[Short descriptive text snippets]
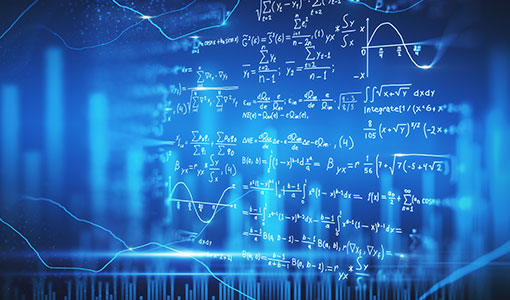 Differential equations on a screen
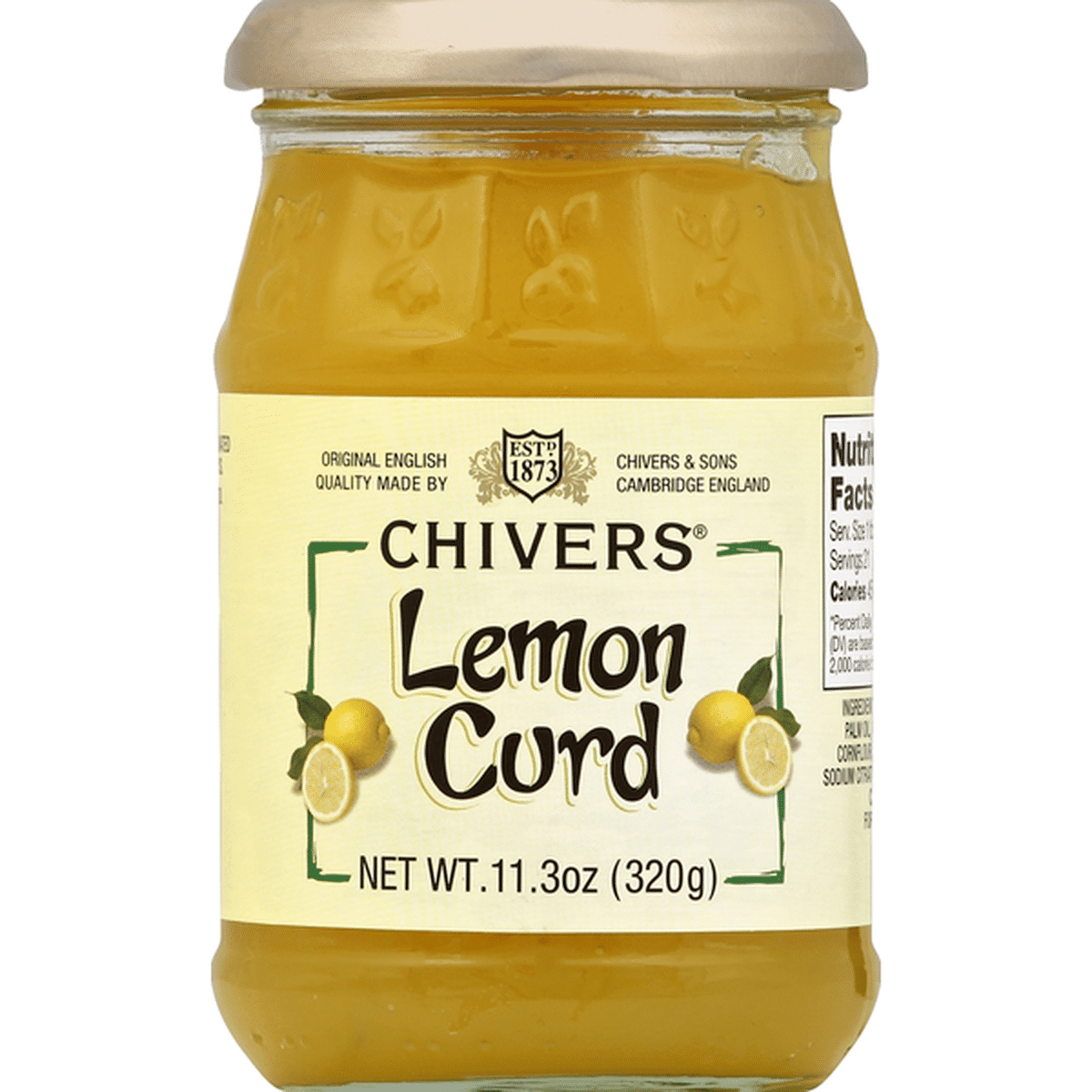 Chivers Lemon Curd 113 Oz Delivery Or Pickup Near Me Instacart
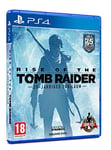 Rise of the Tomb Raider 20-Jähriges Jubiläum D1 Edition (PS4) (PEGI) [Import allemand]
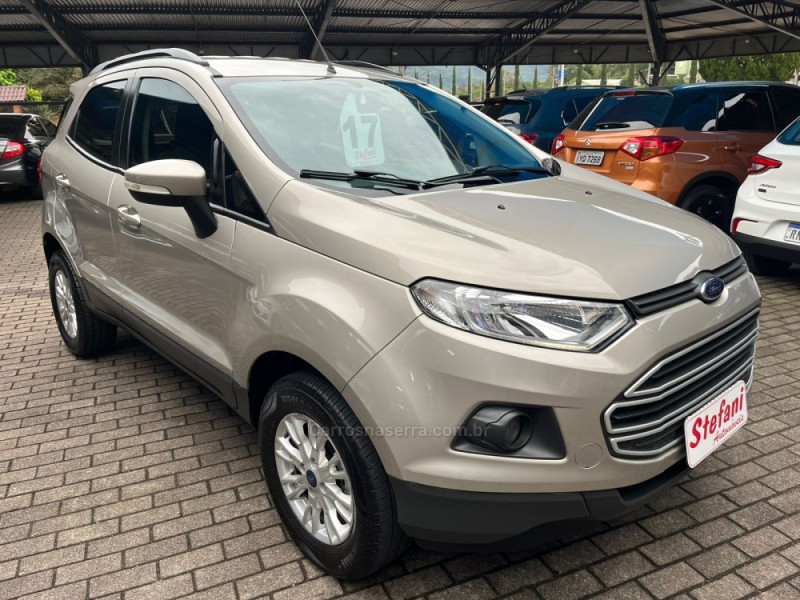 ECOSPORT 1.6 SE 16V FLEX 4P MANUAL - 2017 - FELIZ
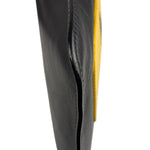 Fendi Black Monster Eye Leather Pouch/Clutch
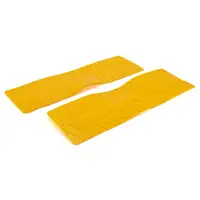 4x PROPLUS 360833 Gripmatte Anfahrhilfe Traktionsmatte Gripsystem 740x225mm GELB
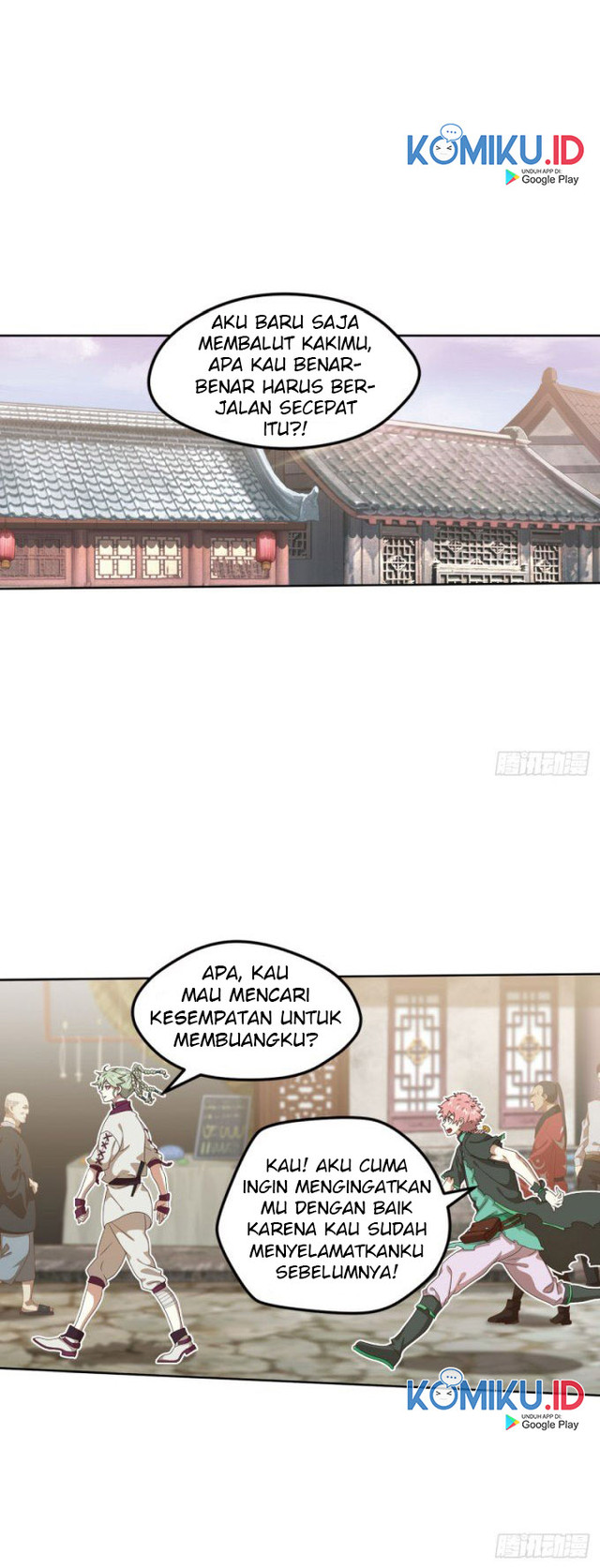 Reborn as the Enemy Prince Chapter 27 - halaman 2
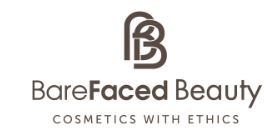 BareFaced Beauty Logo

▸ **Problem to work on**: Although the records contain pictures, restate them word for word with those pictures left out.

▸ **Exercise result**:
 Differential equations on a screen
 Chivers Lemon Curd 113 Oz Delivery Or Pickup Near Me Instacart
 Rise of the Tomb Raider 20-Jähriges Jubiläum D1 Edition (PS4) (PEGI) [Import allemand]
 ECOSPORT 1.6 SE 16V FLEX 4P MANUAL - 2017 - FELIZ
 Fendi Black Monster Eye Leather Pouch/Clutch
 4x PROPLUS 360833 Gripmatte Anfahrhilfe Traktionsmatte Gripsystem 740x225mm GELB
 Reborn as the Enemy Prince Chapter 27 - halaman 2
 BareFaced Beauty Logo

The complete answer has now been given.